After that, I realised "chok", the only boy in the P5 class who didn't want to receive Christ had left to read a book at the side of the classroom. Then, I decided to just spent time to minister to that one kid. I was reminded of how coach had spent 30mins to just minister and love a crying child. And that's what I did. With a tear stained face, I requested for chok to be prayed for. I remember myself saying to him, "it doesn't matter if you receive christ or not, because Jesus will still see you these. And you are very precious to Him." 

However, after I prayed for him, he still went to the side of the classroom to "read". That's when I tried putting myself in his shoes- the whole class has been saved but I'm not. How left out, how lonely Chok must have felt... I went up to him, and placed my arms around him. All I remember was the shot of hurt in his eyes. Even though he gave me a blank face, like he was least interested in the affection I was showing him, I just continued ministering to him by just holding him by my side. I hugged, talked to him and continuously told him to cheer him up in Thai!

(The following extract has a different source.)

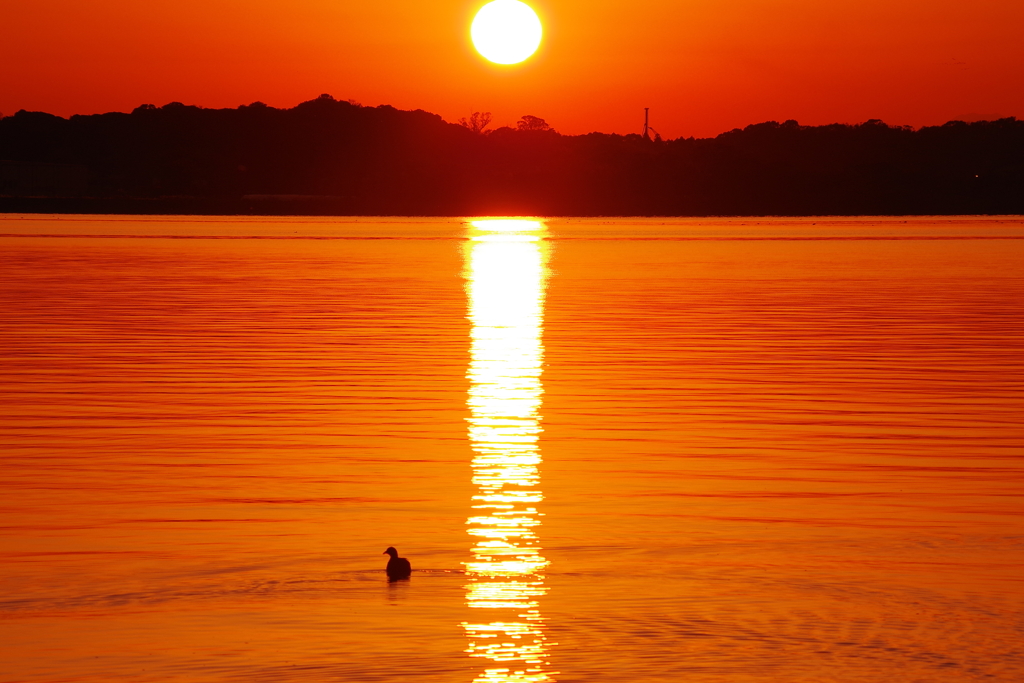 霞ヶ浦に映える夕陽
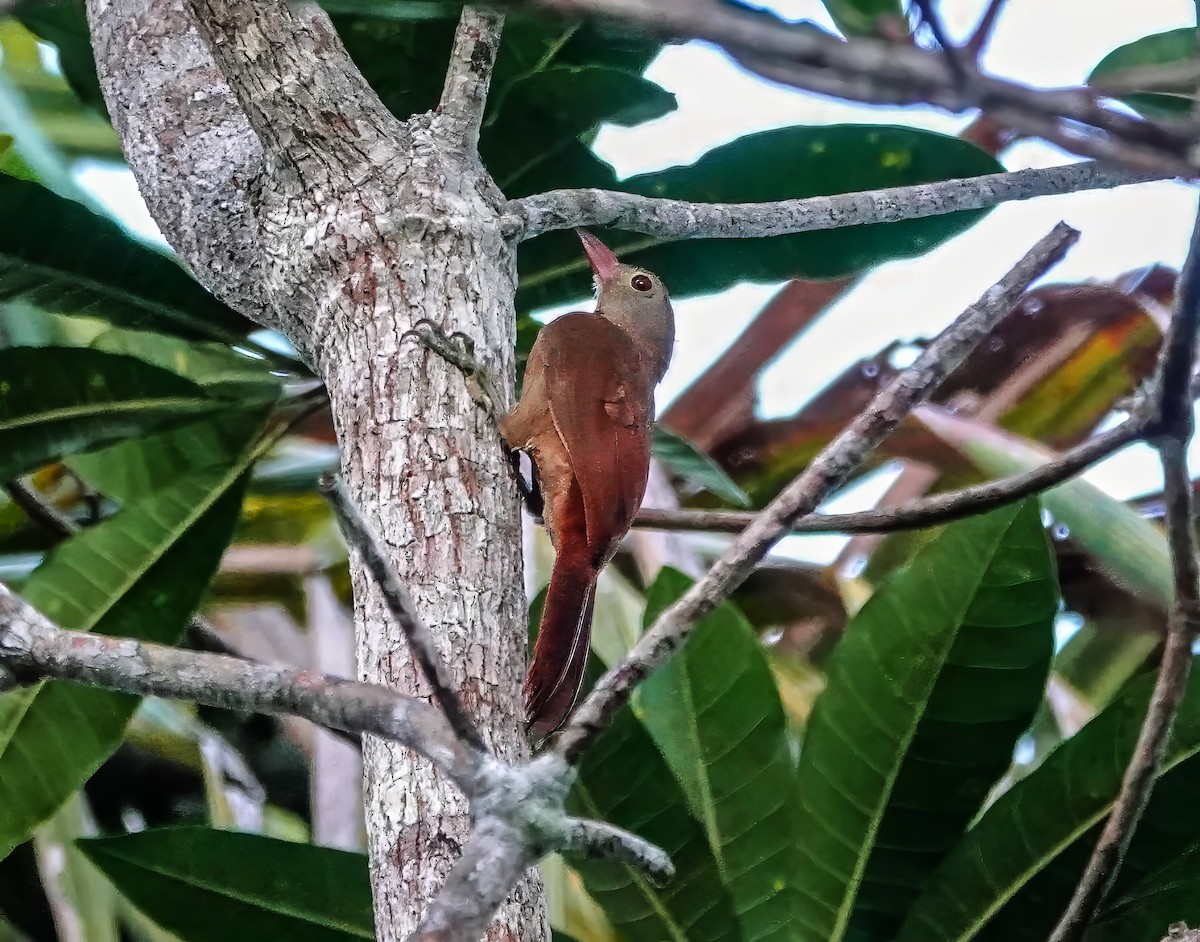 Uniform Woodcreeper - ML640470279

However, it appeared to me that he didn't want me near him. Before lessons ended, we took polaroids with the P5s again, and I did too with Chok. I could sense that he wasn't smiling for the photo, but it didn't matter. I really wanted to love him with God's love in me. However, I found out that Chok actually took the polaroid of us! That meant that he actually felt loved and wanted to keep the Polaroid of me and him as memory. Which really made me happy! God has allowed me to meet my expectation- to be a girl who is willing and able to minister to that ONE person. 



That night, another one of my expectations came to past again- to personally see souls saved! After Deacon encourage the youths to go around KMB to ask if anyone hasn't received Christ and would want to, Kelvin and I went around. Soon after, we met this lady and her daughter. We found out that she wasn't a christian. Hence, we asked her if she wanted to receive Christ and she agreed! All glory to God! There, Kelvin, Nigel and I prayed for her and we were glad that God has used the 3 of us to reach out to a lady at the corner of the room! 

Not only that, during the last night of DG sharing, I felt that when I stepped out to lead the DG during sharing, it was so effortless! The anointing and favour of God was so strong and it flowed profusely through me. It was so evident that I could see the quietest people in the DG share about how they felt whenever we held alter calls, and the reason behind their tears. Indeed, it was heartwarming to not only facilitate a DG sharing, but also to have an interactive one! One where we treated each other as family, where we shared how we really felt deep down in our hearts. 

This experience is indeed different from last year's parent child mission trip, as we managed to step out at such a young age with our friends, to spread the gospel! Not only that, but we were all empowered by God to do great and mighty exploits!